Only thing I can say is there aren't really any international implications. The main thing I can think of is Italian government bonds receive a preferential tax rate of 12.5%. Other than that the only other thing is currency risk. But hedging isn't cost free.

If you have somebody that you trust talk to them. Explain the change in your situation. If you'll need income in € or not.


----------



## max11 (May 27, 2019)

NickZ said:


> Only thing I can say is there aren't really any international implications. The main thing I can think of is Italian government bonds receive a preferential tax rate of 12.5%. Other than that the only other thing is currency risk. But hedging isn't cost free.
> 
> If you have somebody that you trust talk to them. Explain the change in your situation. If you'll need income in € or not.


Thank you NickZ

In reality for example in the UK there are some "ISA account", where the interests you earn are protected from taxation in the UK but not in Italy (or rest of the world)

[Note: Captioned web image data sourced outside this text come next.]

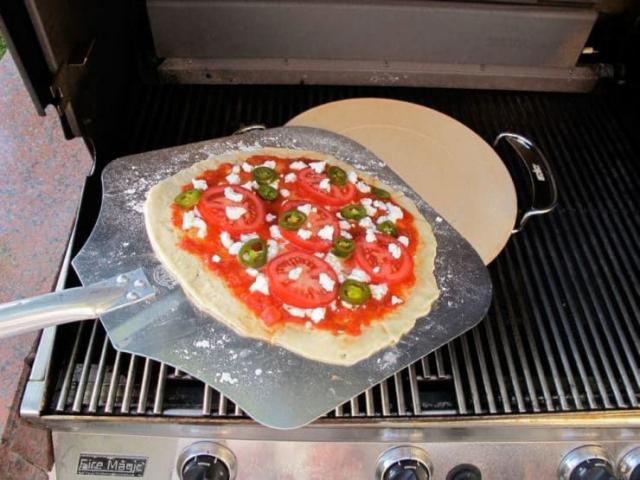 Tips To Grill Pizza With A Pizza Stone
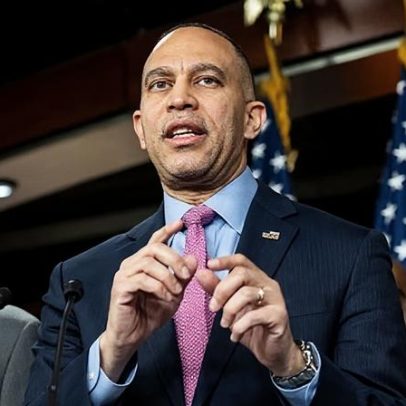 Democratas impedem Trump de nacionalizar eleições de meio mandato diz Jeffries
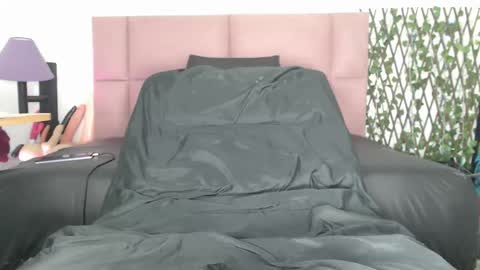 camturbery online show from April 2026 11:35:01 AM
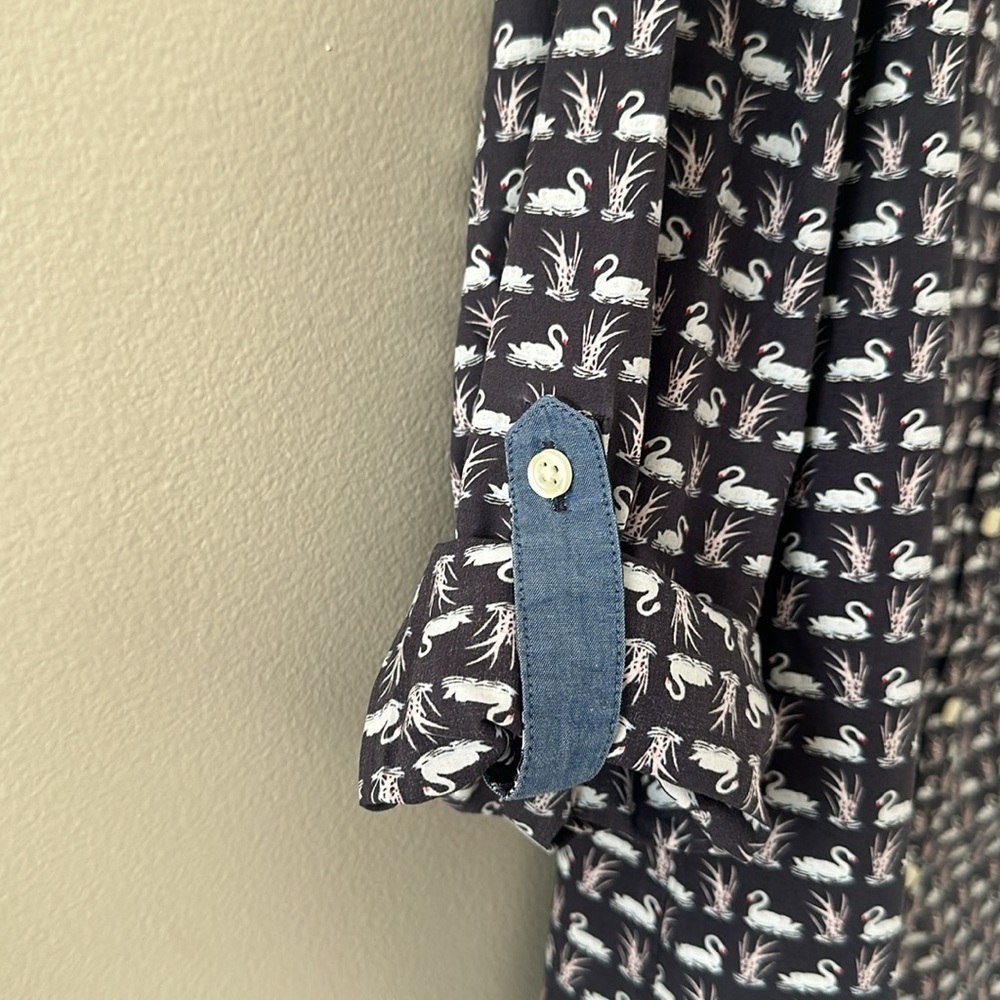 Talbots Blue White Swan Print Cotton Button Down Shirt Size 12 Preppy Classic - Picture 10 of 11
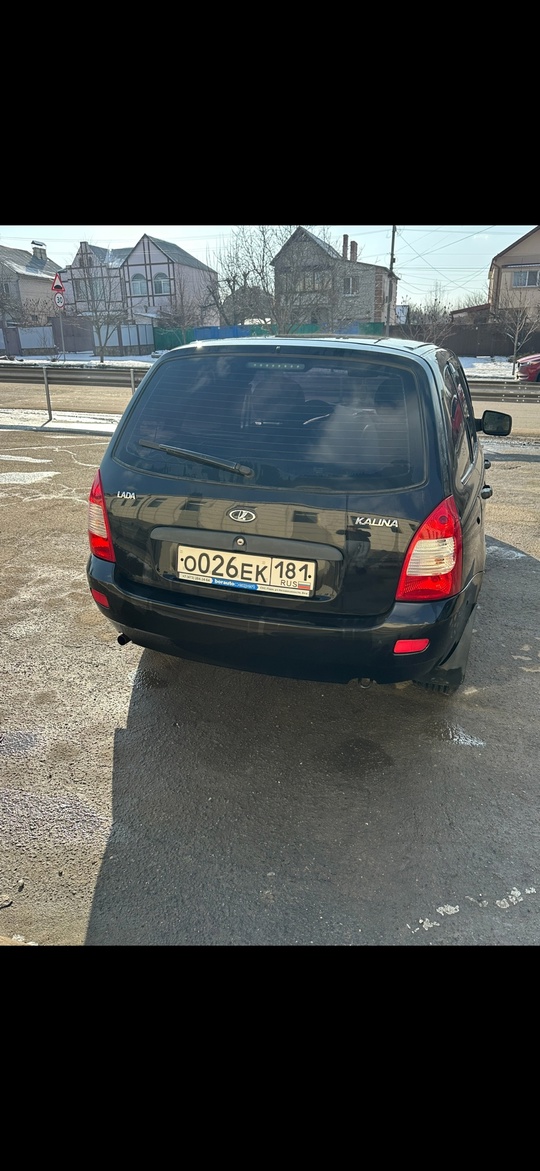 Продам ладу калину 2010 год (3)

I have found online 3-4 names of IFA's but the "problem" is that I do not know any of them


----------



## NickZ (Jun 26, 2009)

I'd look for an UK person that deals with expats. It's more likely they'll know what you need.

Have you checked both the tax and social security agreements? The ISA might have some protections


----------



## NickZ (Jun 26, 2009)

http://www.legislation.gov.uk/uksi/1953/884/pdfs/uksi_19530884_301114_en.pdf

1953 wonder if it's been updated -)


----------



## max11 (May 27, 2019)

NickZ said:


> I'd look for an UK person that deals with expats. It's more likely they'll know what you need.
> 
> Have you checked both the tax and social security agreements? The ISA might have some protections


Not really, but that is a good point. Thank you, I did not know there were such agreements


----------